Intelligent HVAC Technologies

Intelligent HVAC includes software for building management systems (BMS) optimization, autonomous data collection, connectivity hardware, and smart components to optimize HVAC.  HVAC optimization has evolved from the installation of hardware to monitor and control individual devices such as heaters, boilers, and refrigeration units, to solutions to optimize existing building infrastructure and leverage AI, machine learning, and a digital twin to achieve full-building automation and orchestration.

Innovators are regularly offering energy savings of 20%, while some promise up to 60% savings. Several of the main categories of intelligent HVAC technologies include:

  • HVAC Connectivity: Software and hardware that connect to a cloud system for whole-building connection and optimization (making “dumb” devices “smart”). An example is 75F, who offers an IoT-based HVAC control solution that allows for per room individual temperature control while saving up to 40% in energy costs.  An Android-based controller plus a combination of wireless sensors and patented dampers cuts installation labor by 80% over traditional zone control systems with a 3-year payback.

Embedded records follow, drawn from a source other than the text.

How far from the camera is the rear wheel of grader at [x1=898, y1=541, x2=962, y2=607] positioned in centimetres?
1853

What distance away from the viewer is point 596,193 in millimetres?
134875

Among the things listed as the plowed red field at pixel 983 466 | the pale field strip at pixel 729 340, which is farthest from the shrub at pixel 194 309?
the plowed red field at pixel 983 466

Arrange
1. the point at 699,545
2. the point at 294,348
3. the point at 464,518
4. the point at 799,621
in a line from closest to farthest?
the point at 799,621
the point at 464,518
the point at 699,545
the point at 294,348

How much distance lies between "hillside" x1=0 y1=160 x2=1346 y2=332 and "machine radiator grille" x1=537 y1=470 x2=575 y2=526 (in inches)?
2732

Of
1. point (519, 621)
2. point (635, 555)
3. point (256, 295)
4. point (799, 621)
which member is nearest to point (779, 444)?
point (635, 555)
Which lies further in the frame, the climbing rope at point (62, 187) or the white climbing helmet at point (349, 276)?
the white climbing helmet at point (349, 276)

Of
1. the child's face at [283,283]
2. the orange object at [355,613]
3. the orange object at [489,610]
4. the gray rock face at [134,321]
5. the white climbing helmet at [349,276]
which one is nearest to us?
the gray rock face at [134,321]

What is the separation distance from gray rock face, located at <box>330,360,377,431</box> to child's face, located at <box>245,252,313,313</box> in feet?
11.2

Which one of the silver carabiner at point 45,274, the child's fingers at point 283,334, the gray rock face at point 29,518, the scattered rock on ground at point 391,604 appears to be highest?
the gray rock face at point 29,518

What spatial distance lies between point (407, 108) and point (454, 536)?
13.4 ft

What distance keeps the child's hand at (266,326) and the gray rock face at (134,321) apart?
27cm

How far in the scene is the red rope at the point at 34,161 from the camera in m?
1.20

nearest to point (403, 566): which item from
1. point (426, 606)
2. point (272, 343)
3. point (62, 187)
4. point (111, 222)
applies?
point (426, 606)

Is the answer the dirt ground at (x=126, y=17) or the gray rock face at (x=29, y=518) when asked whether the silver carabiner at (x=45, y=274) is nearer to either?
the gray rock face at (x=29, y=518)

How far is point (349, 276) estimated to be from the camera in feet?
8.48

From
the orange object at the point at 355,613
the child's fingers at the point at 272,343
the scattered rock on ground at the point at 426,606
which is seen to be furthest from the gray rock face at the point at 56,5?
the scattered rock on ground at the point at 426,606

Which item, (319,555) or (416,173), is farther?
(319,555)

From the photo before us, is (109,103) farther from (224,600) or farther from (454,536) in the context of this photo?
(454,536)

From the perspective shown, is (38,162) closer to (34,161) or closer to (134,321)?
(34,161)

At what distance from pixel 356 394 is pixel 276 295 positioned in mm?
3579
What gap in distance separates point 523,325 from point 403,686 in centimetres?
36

  • Software as a Service (SaaS):
    • Digital Twin: A digital twin is a real-time virtual representation of a real-world physical process that serves as the indistinguishable digital counterpart of it for practical purposes, such as system simulation, integration, testing, monitoring, and maintenance.

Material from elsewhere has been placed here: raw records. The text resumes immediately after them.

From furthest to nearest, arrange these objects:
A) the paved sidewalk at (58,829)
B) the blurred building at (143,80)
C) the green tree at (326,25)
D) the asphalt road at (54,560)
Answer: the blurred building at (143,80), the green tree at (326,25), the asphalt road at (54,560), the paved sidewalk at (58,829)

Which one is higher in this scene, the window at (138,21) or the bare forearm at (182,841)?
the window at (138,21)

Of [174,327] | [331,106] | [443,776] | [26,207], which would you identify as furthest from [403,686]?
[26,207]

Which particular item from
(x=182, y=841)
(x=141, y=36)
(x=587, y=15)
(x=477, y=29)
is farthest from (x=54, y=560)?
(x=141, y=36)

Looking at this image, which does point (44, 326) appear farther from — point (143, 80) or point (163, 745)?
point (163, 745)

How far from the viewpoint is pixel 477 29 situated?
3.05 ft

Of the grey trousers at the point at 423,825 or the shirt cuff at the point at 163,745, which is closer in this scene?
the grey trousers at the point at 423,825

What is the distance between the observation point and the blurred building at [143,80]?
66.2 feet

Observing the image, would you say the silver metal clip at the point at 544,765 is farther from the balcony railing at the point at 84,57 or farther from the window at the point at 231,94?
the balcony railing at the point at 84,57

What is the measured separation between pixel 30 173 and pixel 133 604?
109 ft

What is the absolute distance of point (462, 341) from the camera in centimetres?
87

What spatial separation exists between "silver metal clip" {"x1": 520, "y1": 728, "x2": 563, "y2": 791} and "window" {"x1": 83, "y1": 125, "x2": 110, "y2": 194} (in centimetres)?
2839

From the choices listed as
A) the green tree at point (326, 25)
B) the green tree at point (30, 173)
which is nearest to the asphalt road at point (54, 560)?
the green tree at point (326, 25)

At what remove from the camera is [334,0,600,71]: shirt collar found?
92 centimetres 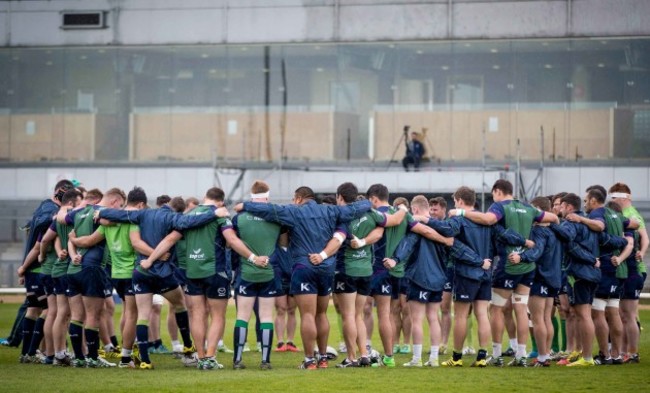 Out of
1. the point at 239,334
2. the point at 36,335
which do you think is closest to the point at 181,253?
the point at 239,334

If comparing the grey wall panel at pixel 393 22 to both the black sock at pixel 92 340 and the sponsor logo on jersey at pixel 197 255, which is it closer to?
the black sock at pixel 92 340

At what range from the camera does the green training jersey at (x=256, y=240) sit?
53.6 feet

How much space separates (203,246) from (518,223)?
13.4 feet

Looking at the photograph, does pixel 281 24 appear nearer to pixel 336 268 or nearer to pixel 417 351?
pixel 336 268

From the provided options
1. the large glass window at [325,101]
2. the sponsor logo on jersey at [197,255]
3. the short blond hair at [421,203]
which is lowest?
the sponsor logo on jersey at [197,255]

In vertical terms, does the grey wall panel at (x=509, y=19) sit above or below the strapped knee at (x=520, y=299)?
above

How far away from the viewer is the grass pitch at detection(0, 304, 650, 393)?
14.4m

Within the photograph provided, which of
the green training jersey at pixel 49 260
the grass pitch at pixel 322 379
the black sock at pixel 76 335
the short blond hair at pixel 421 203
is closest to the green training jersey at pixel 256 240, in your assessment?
the grass pitch at pixel 322 379

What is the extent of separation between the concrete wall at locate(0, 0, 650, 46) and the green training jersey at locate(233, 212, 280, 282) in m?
25.4

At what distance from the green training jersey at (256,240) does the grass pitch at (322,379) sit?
1196mm

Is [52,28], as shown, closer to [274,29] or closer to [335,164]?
[274,29]

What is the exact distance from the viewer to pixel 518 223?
56.1ft

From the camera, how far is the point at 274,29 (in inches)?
1651

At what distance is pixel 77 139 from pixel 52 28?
3784mm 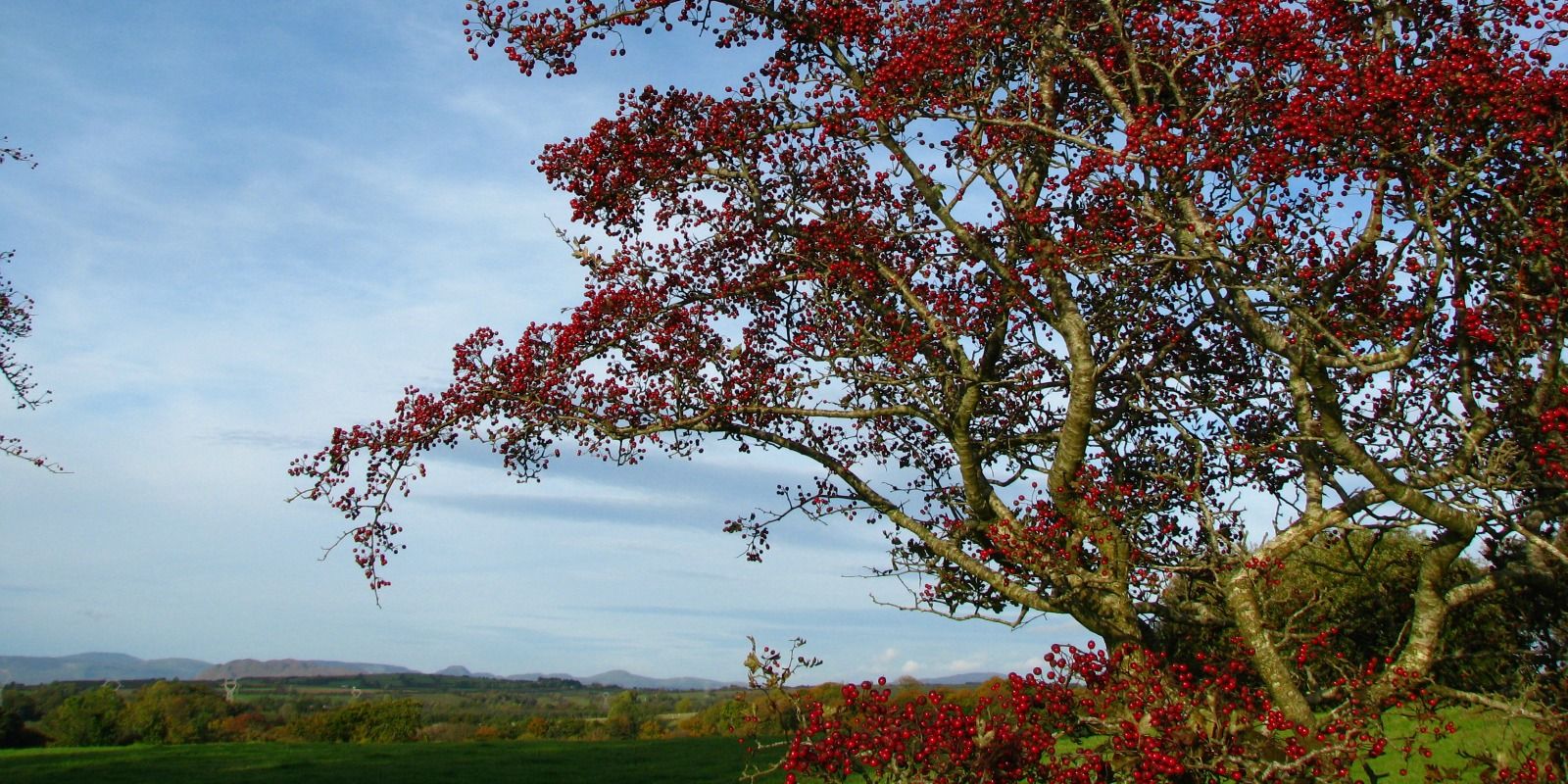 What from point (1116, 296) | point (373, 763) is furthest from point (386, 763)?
point (1116, 296)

      Here, the digital profile of a building is optimized using a large data model either gathering data points from a specific building site (e.g., DABBEL, a developer of an AI-driven software solution to reduce HVAC energy consumption for buildings) or from a database of similar models (e.g., Arloid, a provider of automatic control software for HVAC devices based on changing environmental conditions and comfort in real-time).

  • Tenant-in-the-Loop Optimization: In this area, cloud platforms incorporate tenant feedback into the data model to optimize HVAC performance and thermal comfort. Cohesion is a provider of an IoT- and AI-enabled platform to help commercial real estate operators integrate their building’s systems.

  • Priority Asset Management: This is proprietary software that commands/controls a specific component or group of components. Brainbox AI, for example, uses predictive and self-adapting AI to optimize buildings, one of the world’s largest polluters.  By bringing autonomous AI to the built environment, an existing HVAC system becomes a predictive brain that learns precisely how to use less energy to optimize comfort in all zones, at all times.

All in all, innovators are now providing a combination of software and hardware solutions for buildings both with and without existing BMS for up to a 50% energy savings.  Full building orchestration and automation is the “today” of HVAC efficiency versus “yesterday” of monitoring/control of individual devices.  “Tomorrow” will likely be smart underlying components that swap out the high energy usage components and are the HVAC “brain” of networking, control, automation, hollowing out energy use and even offering value-added service layers from there.